▸ **Exercise instructions**:
Each record should be given back exactly, with none missing.
━━ Data ━━
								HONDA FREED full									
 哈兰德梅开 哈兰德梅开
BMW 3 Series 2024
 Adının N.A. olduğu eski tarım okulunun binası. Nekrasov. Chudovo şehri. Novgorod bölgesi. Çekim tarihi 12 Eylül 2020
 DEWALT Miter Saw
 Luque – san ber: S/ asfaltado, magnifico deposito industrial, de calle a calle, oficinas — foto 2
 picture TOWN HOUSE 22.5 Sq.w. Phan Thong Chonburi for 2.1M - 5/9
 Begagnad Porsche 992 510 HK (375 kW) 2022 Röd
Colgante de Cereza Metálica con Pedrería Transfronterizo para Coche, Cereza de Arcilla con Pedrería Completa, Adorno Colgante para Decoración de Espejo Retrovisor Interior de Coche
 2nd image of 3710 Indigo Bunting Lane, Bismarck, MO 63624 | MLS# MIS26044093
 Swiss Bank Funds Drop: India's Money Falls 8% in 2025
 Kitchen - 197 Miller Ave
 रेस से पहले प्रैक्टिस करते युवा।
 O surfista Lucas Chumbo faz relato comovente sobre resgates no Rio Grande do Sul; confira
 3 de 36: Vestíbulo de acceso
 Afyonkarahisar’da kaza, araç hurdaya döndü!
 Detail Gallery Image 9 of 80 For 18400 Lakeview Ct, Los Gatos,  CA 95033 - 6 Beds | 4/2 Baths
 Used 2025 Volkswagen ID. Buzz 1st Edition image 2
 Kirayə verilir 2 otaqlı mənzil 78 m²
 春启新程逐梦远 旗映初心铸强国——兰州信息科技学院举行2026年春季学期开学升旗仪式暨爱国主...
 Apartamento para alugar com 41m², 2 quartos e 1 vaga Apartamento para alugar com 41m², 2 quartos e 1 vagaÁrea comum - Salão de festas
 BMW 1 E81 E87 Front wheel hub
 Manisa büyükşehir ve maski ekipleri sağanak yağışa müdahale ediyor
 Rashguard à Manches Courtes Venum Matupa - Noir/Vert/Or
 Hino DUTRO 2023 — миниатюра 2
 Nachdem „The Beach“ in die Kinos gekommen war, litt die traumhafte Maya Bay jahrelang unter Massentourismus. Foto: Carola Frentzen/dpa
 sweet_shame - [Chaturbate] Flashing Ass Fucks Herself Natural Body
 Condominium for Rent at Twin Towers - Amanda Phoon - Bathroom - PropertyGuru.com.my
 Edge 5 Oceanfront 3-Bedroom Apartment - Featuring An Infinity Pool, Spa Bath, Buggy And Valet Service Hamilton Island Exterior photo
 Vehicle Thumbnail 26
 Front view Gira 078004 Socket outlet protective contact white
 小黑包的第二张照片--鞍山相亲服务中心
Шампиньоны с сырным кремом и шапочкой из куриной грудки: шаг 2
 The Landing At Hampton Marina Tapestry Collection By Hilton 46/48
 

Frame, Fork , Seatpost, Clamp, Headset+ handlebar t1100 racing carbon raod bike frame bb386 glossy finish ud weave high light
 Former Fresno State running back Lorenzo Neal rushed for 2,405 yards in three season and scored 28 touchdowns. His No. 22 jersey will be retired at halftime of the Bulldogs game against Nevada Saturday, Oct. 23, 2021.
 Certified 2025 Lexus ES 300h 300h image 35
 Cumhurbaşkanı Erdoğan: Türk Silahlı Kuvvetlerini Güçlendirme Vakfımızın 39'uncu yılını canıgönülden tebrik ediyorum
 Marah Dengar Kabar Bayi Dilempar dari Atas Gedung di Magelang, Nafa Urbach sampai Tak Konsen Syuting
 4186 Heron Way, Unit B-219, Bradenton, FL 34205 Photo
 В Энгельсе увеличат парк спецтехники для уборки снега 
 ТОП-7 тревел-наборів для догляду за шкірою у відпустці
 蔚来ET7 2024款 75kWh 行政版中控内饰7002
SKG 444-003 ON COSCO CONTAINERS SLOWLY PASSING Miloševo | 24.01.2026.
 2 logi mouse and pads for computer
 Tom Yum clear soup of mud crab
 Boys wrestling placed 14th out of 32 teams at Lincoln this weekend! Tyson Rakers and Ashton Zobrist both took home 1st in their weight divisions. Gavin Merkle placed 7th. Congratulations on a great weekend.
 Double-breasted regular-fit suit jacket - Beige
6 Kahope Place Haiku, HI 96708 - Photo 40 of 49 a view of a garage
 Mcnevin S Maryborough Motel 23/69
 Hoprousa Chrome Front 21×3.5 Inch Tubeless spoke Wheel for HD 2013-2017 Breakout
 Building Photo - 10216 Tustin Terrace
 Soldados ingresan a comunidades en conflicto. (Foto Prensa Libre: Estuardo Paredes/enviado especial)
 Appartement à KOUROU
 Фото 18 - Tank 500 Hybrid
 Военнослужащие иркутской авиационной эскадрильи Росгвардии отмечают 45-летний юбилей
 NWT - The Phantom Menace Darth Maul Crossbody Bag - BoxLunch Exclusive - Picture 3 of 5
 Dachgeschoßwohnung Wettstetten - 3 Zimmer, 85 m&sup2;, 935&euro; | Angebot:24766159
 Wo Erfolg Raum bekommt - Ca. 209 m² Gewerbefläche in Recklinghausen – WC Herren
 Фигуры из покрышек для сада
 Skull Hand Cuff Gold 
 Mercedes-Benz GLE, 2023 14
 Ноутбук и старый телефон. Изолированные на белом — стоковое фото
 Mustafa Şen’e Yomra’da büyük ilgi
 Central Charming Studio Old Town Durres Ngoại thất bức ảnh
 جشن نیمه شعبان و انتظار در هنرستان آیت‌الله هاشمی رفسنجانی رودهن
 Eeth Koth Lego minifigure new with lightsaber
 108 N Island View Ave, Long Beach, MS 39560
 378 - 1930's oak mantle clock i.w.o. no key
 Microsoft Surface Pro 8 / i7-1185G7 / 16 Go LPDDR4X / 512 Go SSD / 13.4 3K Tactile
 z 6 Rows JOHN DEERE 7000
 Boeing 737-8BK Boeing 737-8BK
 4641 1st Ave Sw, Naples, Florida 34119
━━━
▸ **Answer section**:
								HONDA FREED full									
 哈兰德梅开 哈兰德梅开
BMW 3 Series 2024
 Adının N.A. olduğu eski tarım okulunun binası. Nekrasov. Chudovo şehri. Novgorod bölgesi. Çekim tarihi 12 Eylül 2020
 DEWALT Miter Saw
 Luque – san ber: S/ asfaltado, magnifico deposito industrial, de calle a calle, oficinas — foto 2
 picture TOWN HOUSE 22.5 Sq.w. Phan Thong Chonburi for 2.1M - 5/9
 Begagnad Porsche 992 510 HK (375 kW) 2022 Röd
Colgante de Cereza Metálica con Pedrería Transfronterizo para Coche, Cereza de Arcilla con Pedrería Completa, Adorno Colgante para Decoración de Espejo Retrovisor Interior de Coche
 2nd image of 3710 Indigo Bunting Lane, Bismarck, MO 63624 | MLS# MIS26044093
 Swiss Bank Funds Drop: India's Money Falls 8% in 2025
 Kitchen - 197 Miller Ave
 रेस से पहले प्रैक्टिस करते युवा।
 O surfista Lucas Chumbo faz relato comovente sobre resgates no Rio Grande do Sul; confira
 3 de 36: Vestíbulo de acceso
 Afyonkarahisar’da kaza, araç hurdaya döndü!
 Detail Gallery Image 9 of 80 For 18400 Lakeview Ct, Los Gatos,  CA 95033 - 6 Beds | 4/2 Baths
 Used 2025 Volkswagen ID. Buzz 1st Edition image 2
 Kirayə verilir 2 otaqlı mənzil 78 m²
 春启新程逐梦远 旗映初心铸强国——兰州信息科技学院举行2026年春季学期开学升旗仪式暨爱国主...
 Apartamento para alugar com 41m², 2 quartos e 1 vaga Apartamento para alugar com 41m², 2 quartos e 1 vagaÁrea comum - Salão de festas
 BMW 1 E81 E87 Front wheel hub
 Manisa büyükşehir ve maski ekipleri sağanak yağışa müdahale ediyor
 Rashguard à Manches Courtes Venum Matupa - Noir/Vert/Or
 Hino DUTRO 2023 — миниатюра 2
 Nachdem „The Beach“ in die Kinos gekommen war, litt die traumhafte Maya Bay jahrelang unter Massentourismus. Foto: Carola Frentzen/dpa
 sweet_shame - [Chaturbate] Flashing Ass Fucks Herself Natural Body
 Condominium for Rent at Twin Towers - Amanda Phoon - Bathroom - PropertyGuru.com.my
 Edge 5 Oceanfront 3-Bedroom Apartment - Featuring An Infinity Pool, Spa Bath, Buggy And Valet Service Hamilton Island Exterior photo
 Vehicle Thumbnail 26
 Front view Gira 078004 Socket outlet protective contact white
 小黑包的第二张照片--鞍山相亲服务中心
Шампиньоны с сырным кремом и шапочкой из куриной грудки: шаг 2
 The Landing At Hampton Marina Tapestry Collection By Hilton 46/48
 

Frame, Fork , Seatpost, Clamp, Headset+ handlebar t1100 racing carbon raod bike frame bb386 glossy finish ud weave high light
 Former Fresno State running back Lorenzo Neal rushed for 2,405 yards in three season and scored 28 touchdowns. His No. 22 jersey will be retired at halftime of the Bulldogs game against Nevada Saturday, Oct. 23, 2021.
 Certified 2025 Lexus ES 300h 300h image 35
 Cumhurbaşkanı Erdoğan: Türk Silahlı Kuvvetlerini Güçlendirme Vakfımızın 39'uncu yılını canıgönülden tebrik ediyorum
 Marah Dengar Kabar Bayi Dilempar dari Atas Gedung di Magelang, Nafa Urbach sampai Tak Konsen Syuting
 4186 Heron Way, Unit B-219, Bradenton, FL 34205 Photo
 В Энгельсе увеличат парк спецтехники для уборки снега 
 ТОП-7 тревел-наборів для догляду за шкірою у відпустці
 蔚来ET7 2024款 75kWh 行政版中控内饰7002
SKG 444-003 ON COSCO CONTAINERS SLOWLY PASSING Miloševo | 24.01.2026.
 2 logi mouse and pads for computer
 Tom Yum clear soup of mud crab
 Boys wrestling placed 14th out of 32 teams at Lincoln this weekend! Tyson Rakers and Ashton Zobrist both took home 1st in their weight divisions. Gavin Merkle placed 7th. Congratulations on a great weekend.
 Double-breasted regular-fit suit jacket - Beige
6 Kahope Place Haiku, HI 96708 - Photo 40 of 49 a view of a garage
 Mcnevin S Maryborough Motel 23/69
 Hoprousa Chrome Front 21×3.5 Inch Tubeless spoke Wheel for HD 2013-2017 Breakout
 Building Photo - 10216 Tustin Terrace
 Soldados ingresan a comunidades en conflicto. (Foto Prensa Libre: Estuardo Paredes/enviado especial)
 Appartement à KOUROU
 Фото 18 - Tank 500 Hybrid
 Военнослужащие иркутской авиационной эскадрильи Росгвардии отмечают 45-летний юбилей
 NWT - The Phantom Menace Darth Maul Crossbody Bag - BoxLunch Exclusive - Picture 3 of 5
 Dachgeschoßwohnung Wettstetten - 3 Zimmer, 85 m&sup2;, 935&euro; | Angebot:24766159
 Wo Erfolg Raum bekommt - Ca. 209 m² Gewerbefläche in Recklinghausen – WC Herren
 Фигуры из покрышек для сада
 Skull Hand Cuff Gold 
 Mercedes-Benz GLE, 2023 14
 Ноутбук и старый телефон. Изолированные на белом — стоковое фото
 Mustafa Şen’e Yomra’da büyük ilgi
 Central Charming Studio Old Town Durres Ngoại thất bức ảnh
 جشن نیمه شعبان و انتظار در هنرستان آیت‌الله هاشمی رفسنجانی رودهن
 Eeth Koth Lego minifigure new with lightsaber
 108 N Island View Ave, Long Beach, MS 39560
 378 - 1930's oak mantle clock i.w.o. no key
 Microsoft Surface Pro 8 / i7-1185G7 / 16 Go LPDDR4X / 512 Go SSD / 13.4 3K Tactile
 z 6 Rows JOHN DEERE 7000
 Boeing 737-8BK Boeing 737-8BK
 4641 1st Ave Sw, Naples, Florida 34119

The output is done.